Kembali pada puisi SBY dan puisi Fadli Zon, mengingat Partai Demokrat dan Partai Gerindra sudah resmi berkoalisi, dan keduanya sudah pula bersepakat memastikan Prabowo Subianto sebagai Capres dalam Pemilu Presiden 2019, apakah puisi-puisi karya SBY dan karya Fadli Zon juga akan ikut berkoalisi? Bila iya, maka dalam upaya mengantarkan Prabowo menuju kemenangan, tentu akan lahir puisi-puisi politis yang baru, hasil perpaduan energi puitik mantan Presiden dengan mantan redaktur majalah sastra Horison. Saya membayangkan, karya-karya yang akan muncul dari hasil persekutuan kelas berat itu, mungkin perlu diwaspadai oleh para pendukung Jokowi.
Partai-partai pendukung Jokowi, termasuk para relawan, mungkin sudah harus mengambil ancang-ancang tentang siapa kira-kira politisi yang paling potensial untuk di-penyair-kan, guna mengantarkan Jokowi menuju kemenangan periode kedua.

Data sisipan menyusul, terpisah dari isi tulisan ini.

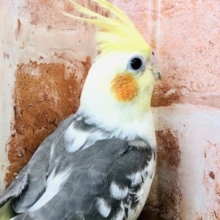 人馴れ練習中！　オカメインコ　パイド　R４　９／１４撮影
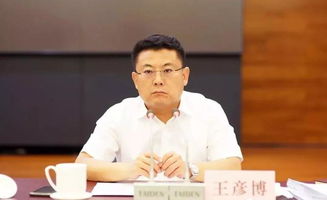 王彦博简介，王彦博的个人简历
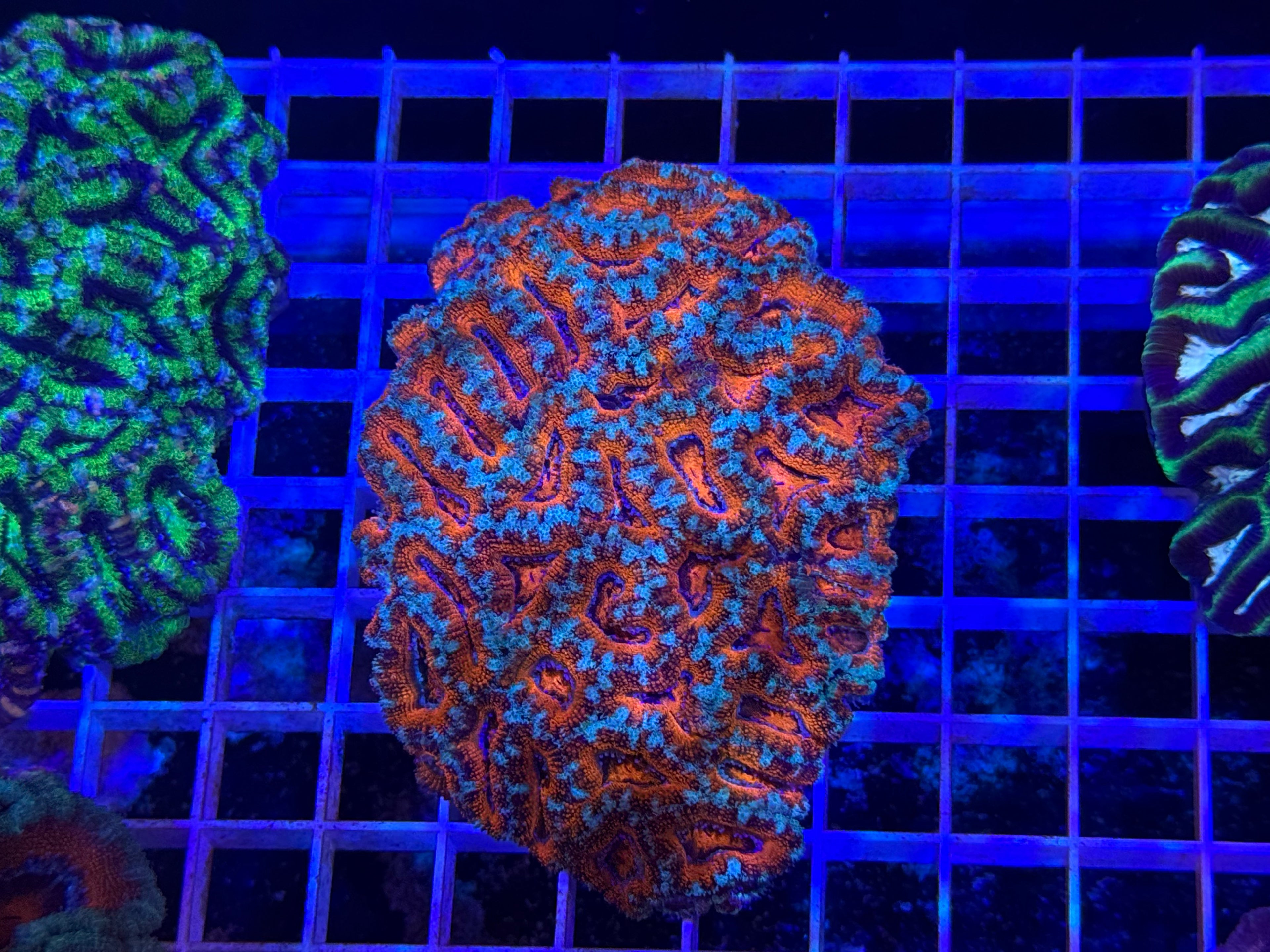 Acan Lord Ultra Colony - WYSIWYG IMG_3878
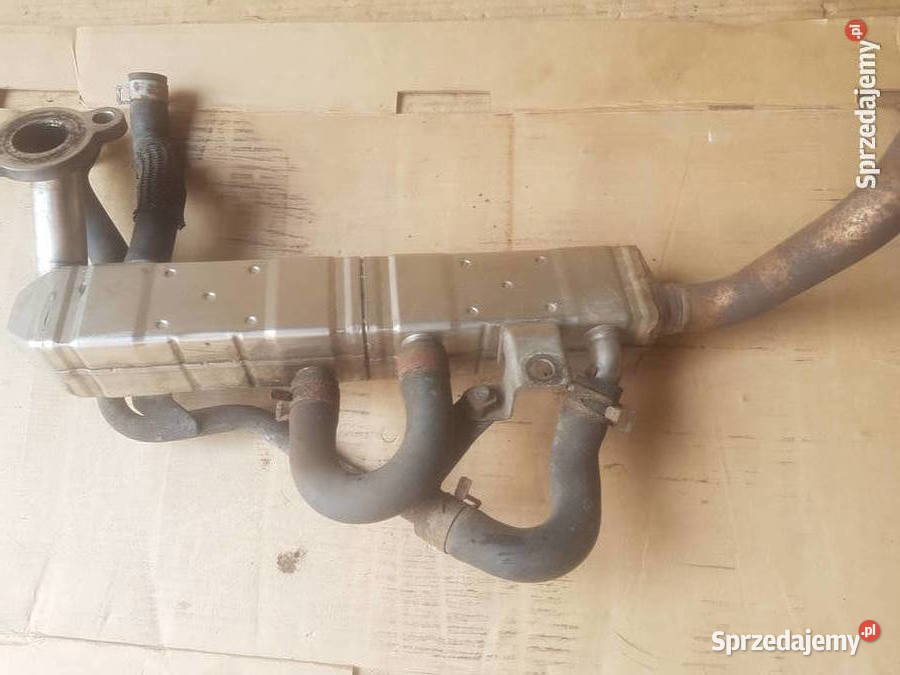 CHŁODNICA SPALIN EGR SUBARU 20 Diesel Bydgoszcz sprzedam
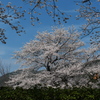 和らぎの道の一本桜１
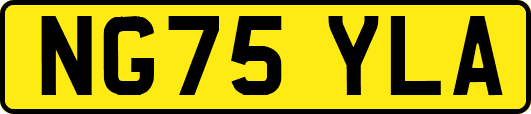 NG75YLA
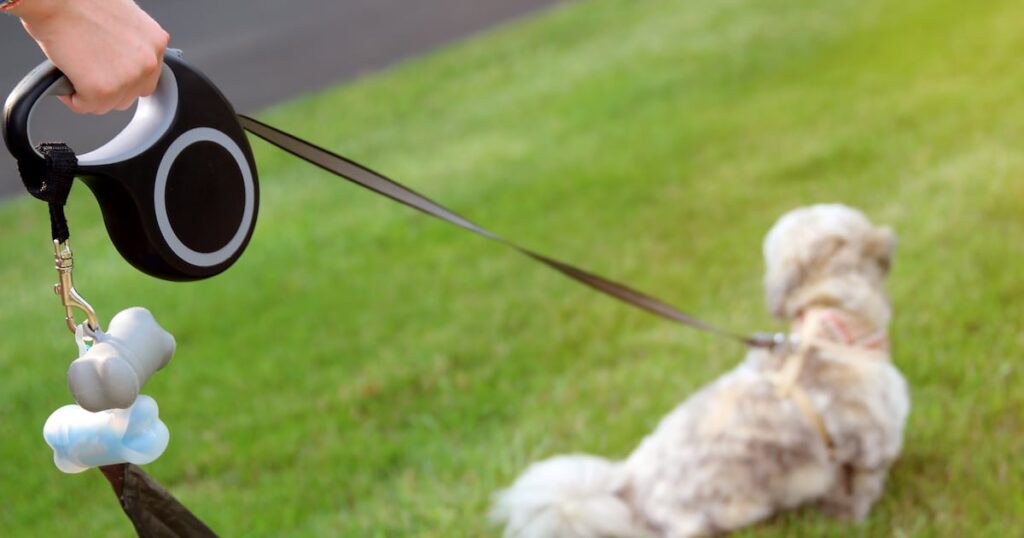 Hamilton Woman Wins Appeal After Keeping 64 Dogs Hamilton Woman Wins Appeal After Keeping 64 Dogs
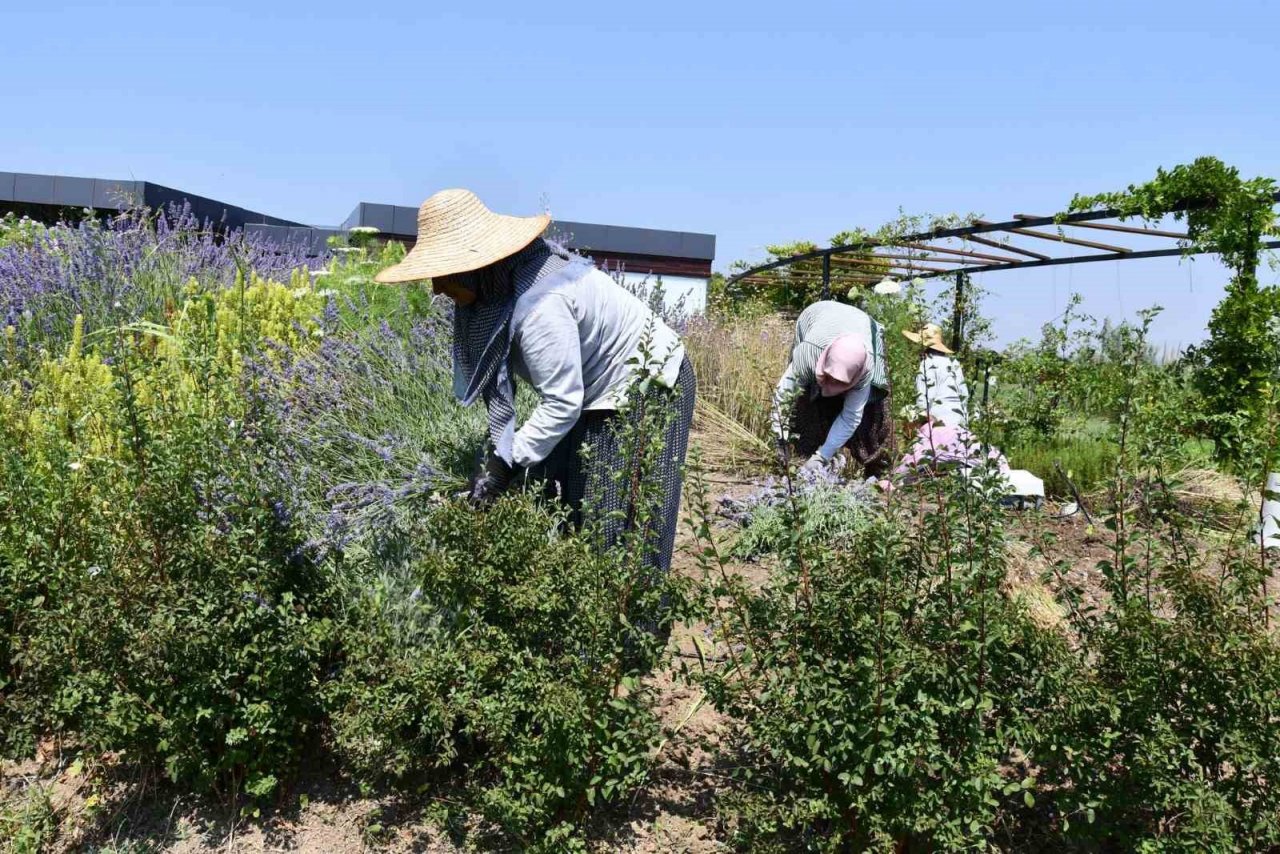 Altınova Belediyesi Tıbbi Aromatik Bitkiler Bahçesi’nde hasat sezonu başladı
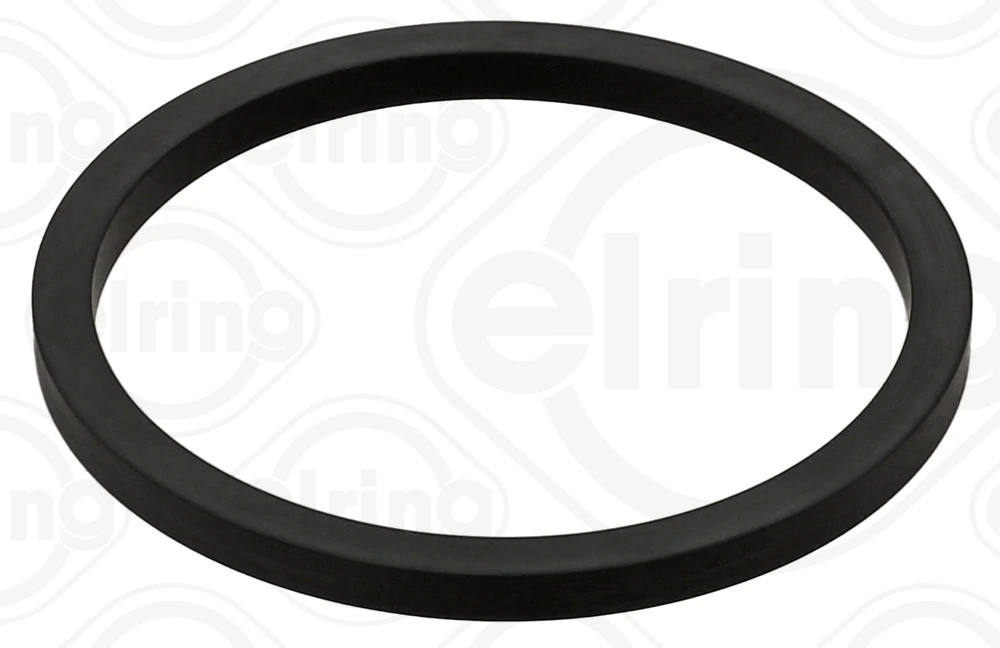 Gasket, timing case cover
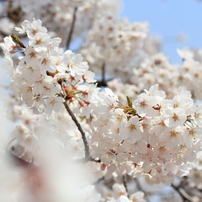 桜～春陽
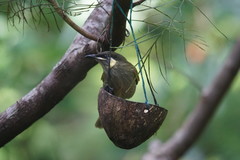 Meliphaga lewinii mab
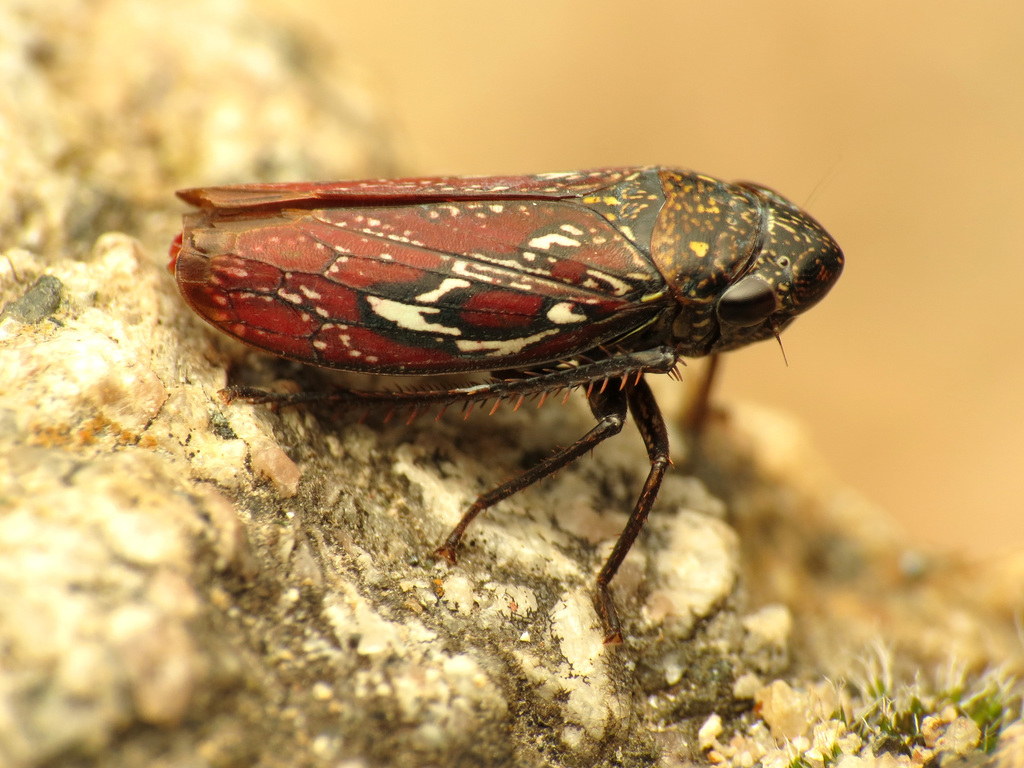 Apogonalia omani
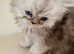 Confident healthy dollface chinchilla Persian kittens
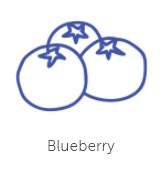 blueberry-flavour-6.jpg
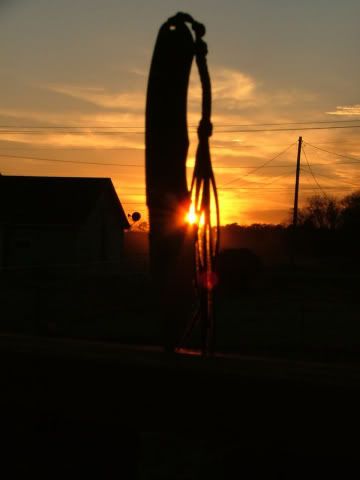 MyGoldenLightbulb.jpg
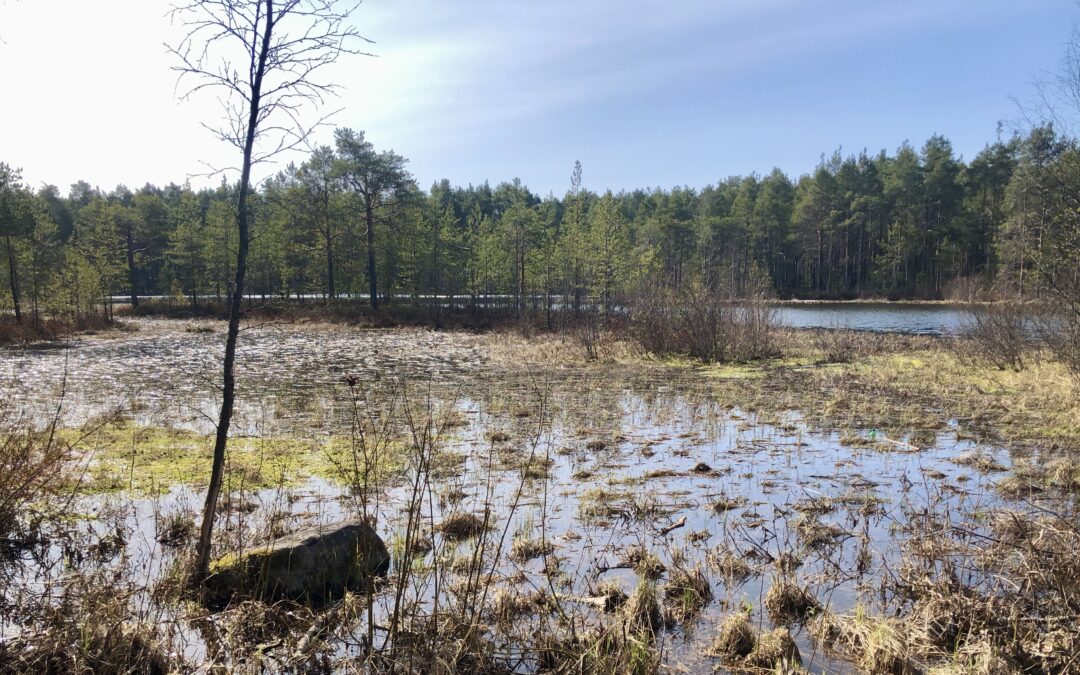 Tekemisen ilo välittyy katsomoon asti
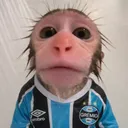 isnvinizeraah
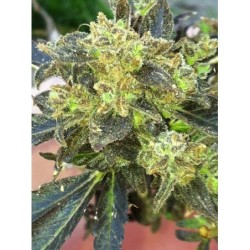 Boss Hogg Femminizzata - Cali Connection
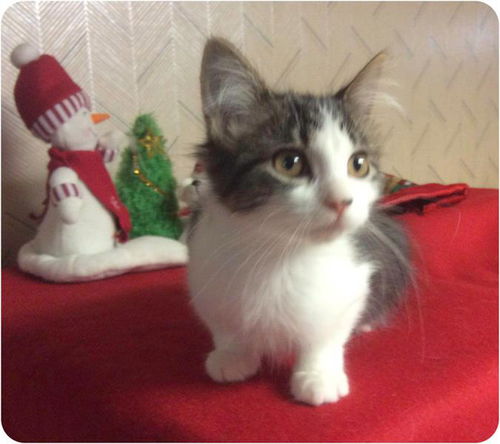 Baby Broccoli-ADOPTED
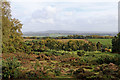 Heathland, farmland and woodland near Kinver in Staffordshire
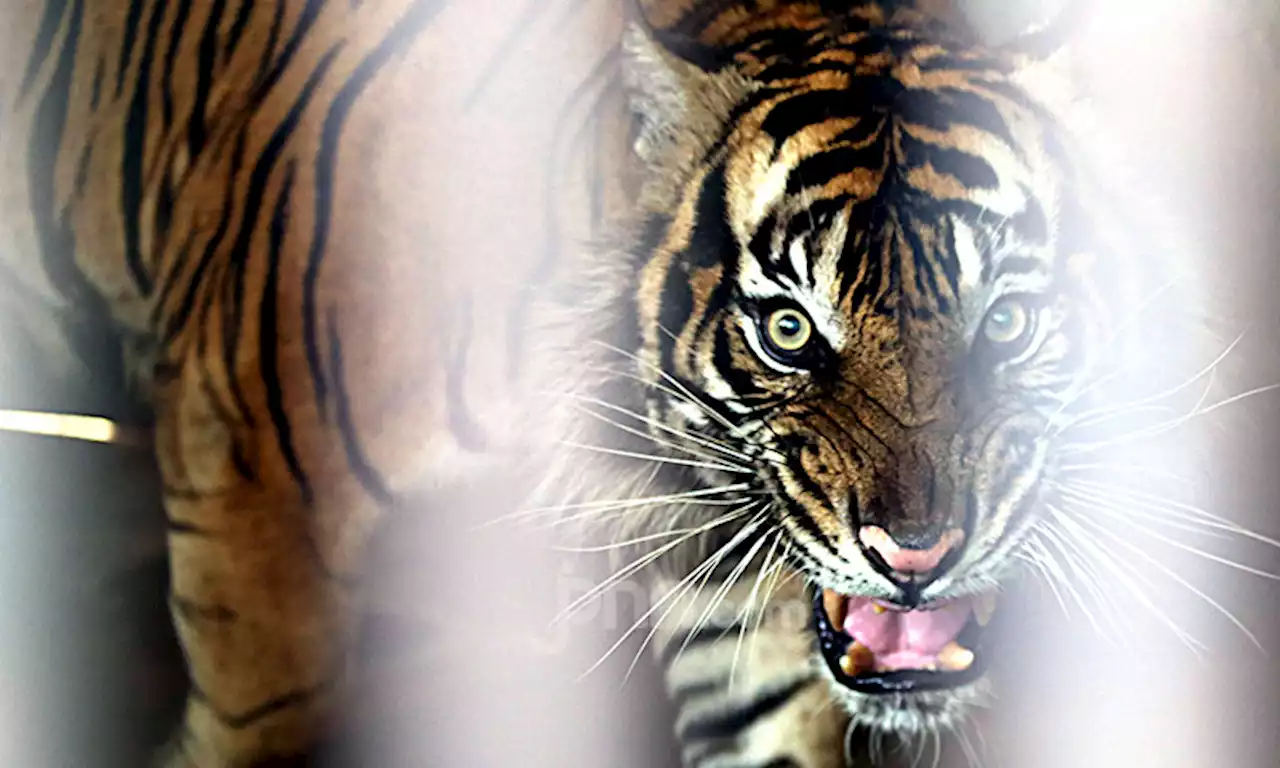 Detail Harimau Sumatera Hd Nomer 16
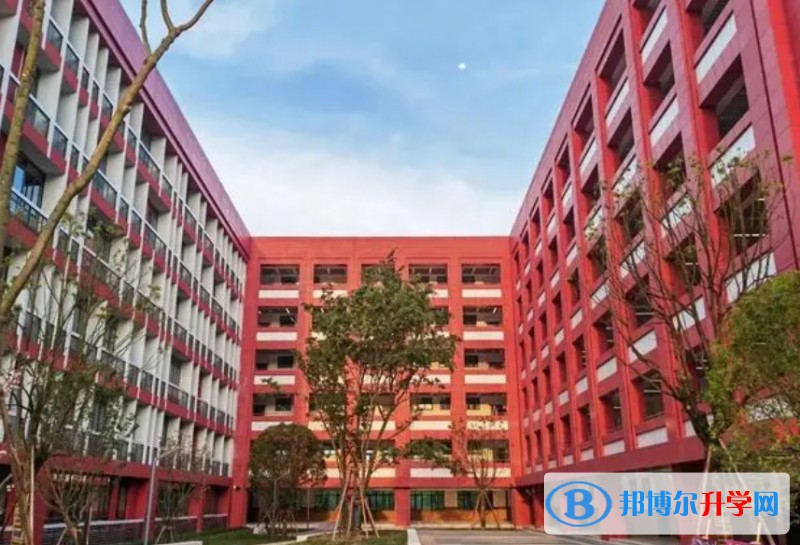 2024重慶市巴蜀科學(xué)城中學(xué)校招生計劃 招生人數(shù)是多少(附要求、條件、對象)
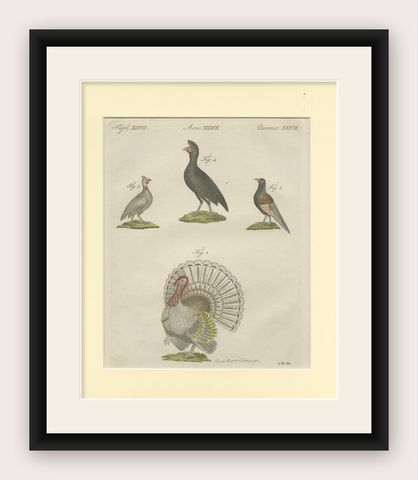 Antique Print of a Wild Turkey, Pheasant, Helmeted Guineafowl and Curassow Bird, shown framed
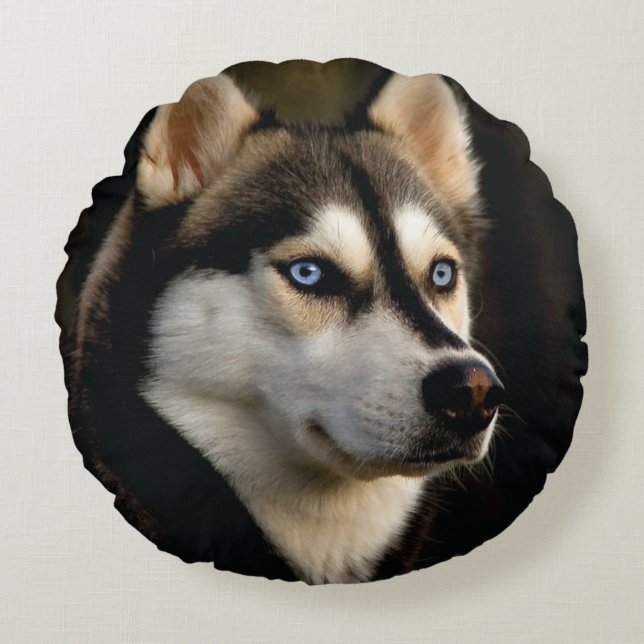 Magnifique Coussin de Lancement Husky (Devant)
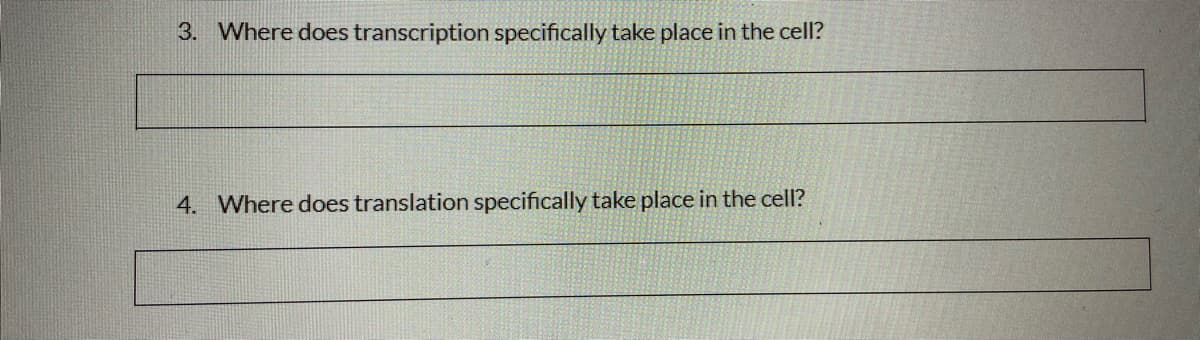 3. Where does transcription specifically take place in the cell?
4. Where does translation specifically take place in the cell?
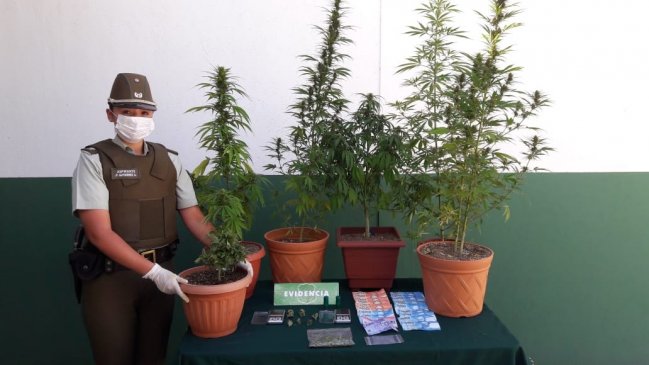 Carabineros detuvo a pareja y decomisó siete plantas de marihuana desde su domicilio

Ali Mochtar Ngabalin, Ruhut Sitompul, atau M Fadjroel Rachman? Untuk melahirkan puisi-puisi politis yang pilih tanding, guna menghadang kekuatan puitik SBY-Fadli Zon, barangkali tak ada salahnya timses Jokowi menghadirkan pujangga kawakan sekaliber Binhad Nurrohmat sebagai pelatih puisi, atau penyair Chavchay Syaifullah sebagai penasihat. Dengan begitu, pertarungan di Pilpres 2019 akan berimbang, dan Pakde Jokowi tidaklah akan terlalu gamang.